O governador do Pará, Helder Barbalho (MDB), também lamentou a falta de acordo com a União e criticou a continuidade das regras que causam perdas na arrecadação dos estados.

“A Lei Kandir não pode continuar sendo lesiva ao estados, como Minas e Pará, que atuam fortemente na exportação de produtos primários. Lamentavelmente o conceito de 'mais Brasil e menos Brasília' falado pelo governo federal não é o que se vê no dia a dia”, criticou Barbalho.

Novela da Lei Kandir 

A disputa sobre a compensação aos estados pela Lei Kandir se arrasta desde 2013, quando o governo do Pará ajuizou uma Ação Direta de Inconstitucionalidade por Omissão (ADO) questionando o Congresso Nacional por não regulamentar a forma que a União deveria ressarcir os estados que deixaram de arrecadar com a lei. 

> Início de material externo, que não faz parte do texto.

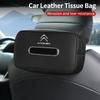 Car Tissue Box Seatback Tissue Bag Easy Installation For Citroen C3 C5 C1 C2 Berlingo Celysee Cactus Picasso Aircross Saxo Grand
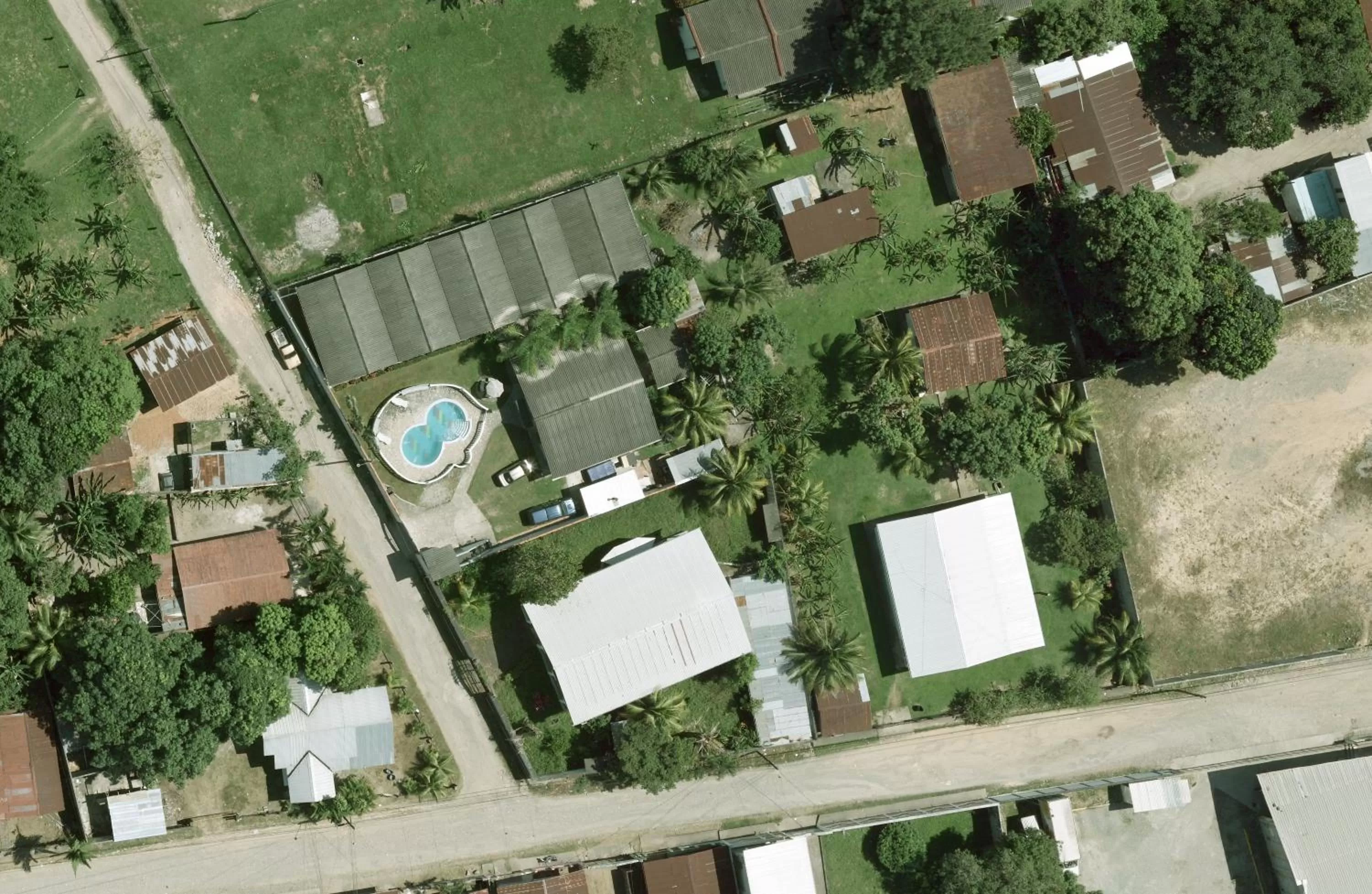 Bird's eye view in Rainbow Village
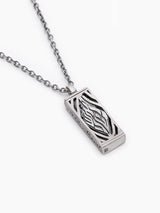 Hebrew Petek Necklace Sterling Silver 925 Israel Aharon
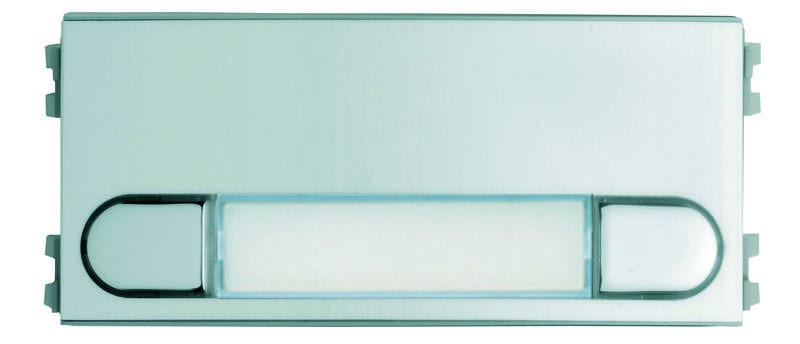 FERMAX - Skyline Tastenmodul 1 Doppeltaster (2),4+N,silber/chrom,Gr.V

Em 2016, o Plenário do Supremo acatou o pedido do Pará e estabeleceu prazo de 12 meses para a regulamentação da lei. Caso isso não ocorresse, o tribunal determinou que o Tribunal de Contas da União deveria fixar em caráter provisório o montante total devido e a cota de cada ente federativo, até a edição da lei. Em 2017, o governo federal pediu que o prazo fosse prorrogado por mais 24 meses. 

Em fevereiro deste ano, o ministro-relator do processo Gilmar Mendes atendeu a um pedido da Advocacia-geral da União (AGU) e concedeu mais 12 meses para que o Congresso delibere sobre a compensação financeira aos estados.